Post by TechTony » Sat Oct 01, 2016 1:11 pm

In general, it's always modify the tool post/nut/whatever to fit. The base castings on a machine can certainly be machined as required or needed, but the machine is the long lasting bit, and tooling is more like a consumable, you may have several different options used by you or other owners over time, so tooling is almost always fitted to the lathe by modifying the tooling. And the "nut" that comes with it is basically a threaded plate that is relatively huge and will never fit regardless of what lathe you have (that I ever heard of anyway), so it was meant to be machined to fit the lathe.

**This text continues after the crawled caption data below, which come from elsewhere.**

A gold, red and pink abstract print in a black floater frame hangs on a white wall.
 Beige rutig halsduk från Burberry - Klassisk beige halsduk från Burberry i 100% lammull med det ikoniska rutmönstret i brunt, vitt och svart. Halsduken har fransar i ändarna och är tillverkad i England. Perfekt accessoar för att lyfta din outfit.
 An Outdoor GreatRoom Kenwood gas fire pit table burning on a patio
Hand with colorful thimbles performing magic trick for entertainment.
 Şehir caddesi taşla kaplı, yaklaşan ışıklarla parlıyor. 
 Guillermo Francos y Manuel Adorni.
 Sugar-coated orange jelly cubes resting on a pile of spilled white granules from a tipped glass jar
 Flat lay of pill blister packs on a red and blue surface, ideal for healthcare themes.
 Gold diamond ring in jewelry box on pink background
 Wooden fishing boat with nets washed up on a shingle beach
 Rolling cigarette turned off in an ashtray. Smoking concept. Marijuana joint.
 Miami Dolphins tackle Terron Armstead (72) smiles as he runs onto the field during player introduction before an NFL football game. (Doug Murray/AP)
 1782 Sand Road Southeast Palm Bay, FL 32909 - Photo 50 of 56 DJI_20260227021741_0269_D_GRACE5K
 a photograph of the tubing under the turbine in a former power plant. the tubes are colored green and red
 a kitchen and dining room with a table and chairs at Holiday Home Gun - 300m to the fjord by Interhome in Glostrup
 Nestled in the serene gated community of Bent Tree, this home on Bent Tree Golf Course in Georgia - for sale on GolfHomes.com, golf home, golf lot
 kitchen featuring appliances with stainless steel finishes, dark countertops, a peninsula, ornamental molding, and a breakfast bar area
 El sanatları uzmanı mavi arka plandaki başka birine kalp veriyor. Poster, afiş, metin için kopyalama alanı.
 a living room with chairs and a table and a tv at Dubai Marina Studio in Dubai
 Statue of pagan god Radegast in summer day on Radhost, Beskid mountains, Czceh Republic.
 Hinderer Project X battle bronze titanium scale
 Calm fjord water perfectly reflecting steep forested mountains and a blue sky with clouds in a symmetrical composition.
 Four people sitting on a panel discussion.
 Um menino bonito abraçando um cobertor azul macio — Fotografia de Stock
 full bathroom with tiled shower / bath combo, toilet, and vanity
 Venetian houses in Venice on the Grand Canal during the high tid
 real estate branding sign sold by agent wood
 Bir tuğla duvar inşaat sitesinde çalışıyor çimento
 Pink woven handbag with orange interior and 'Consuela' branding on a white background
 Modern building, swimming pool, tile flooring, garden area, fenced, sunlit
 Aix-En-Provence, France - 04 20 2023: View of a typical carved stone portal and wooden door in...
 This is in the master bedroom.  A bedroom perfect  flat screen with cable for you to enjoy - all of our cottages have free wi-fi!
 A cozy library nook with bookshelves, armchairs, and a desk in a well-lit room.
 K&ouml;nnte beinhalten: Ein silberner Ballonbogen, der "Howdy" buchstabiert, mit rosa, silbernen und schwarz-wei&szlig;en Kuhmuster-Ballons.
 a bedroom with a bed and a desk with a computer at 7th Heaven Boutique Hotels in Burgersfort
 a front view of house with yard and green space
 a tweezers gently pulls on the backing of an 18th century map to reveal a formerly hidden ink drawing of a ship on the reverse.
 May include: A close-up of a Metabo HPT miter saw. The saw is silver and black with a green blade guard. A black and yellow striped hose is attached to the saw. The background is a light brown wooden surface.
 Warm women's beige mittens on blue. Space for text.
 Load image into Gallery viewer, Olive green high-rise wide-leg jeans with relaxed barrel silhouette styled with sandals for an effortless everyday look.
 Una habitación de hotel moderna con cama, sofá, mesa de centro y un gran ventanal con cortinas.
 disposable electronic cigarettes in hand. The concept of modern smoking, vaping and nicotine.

I know - but the groove on mine seems so small that I figured if I went CXA then I might should widen it a little for added width on the plate. I considered the plinth idea (didn't know that's what it was called) previously but shrugged it off as newbie nonsense - it actually cracks me up to think that it was a legit idea. Most of the tooling I've used thus far has been 1/2" stuff and probably will be going forward as well. I expect that so long as the BXA will be 1/2" tooling compatible, then I'll probably go with the Phase II BXA wedge. I've got a project that's currently at a standstill until I get it bought - I really need that stationary boring bar holder. Tried bolting one in the stock toolholder that came with this machine but that thing is a joke.

Thanks for weighing in, Russ! It's been helpful!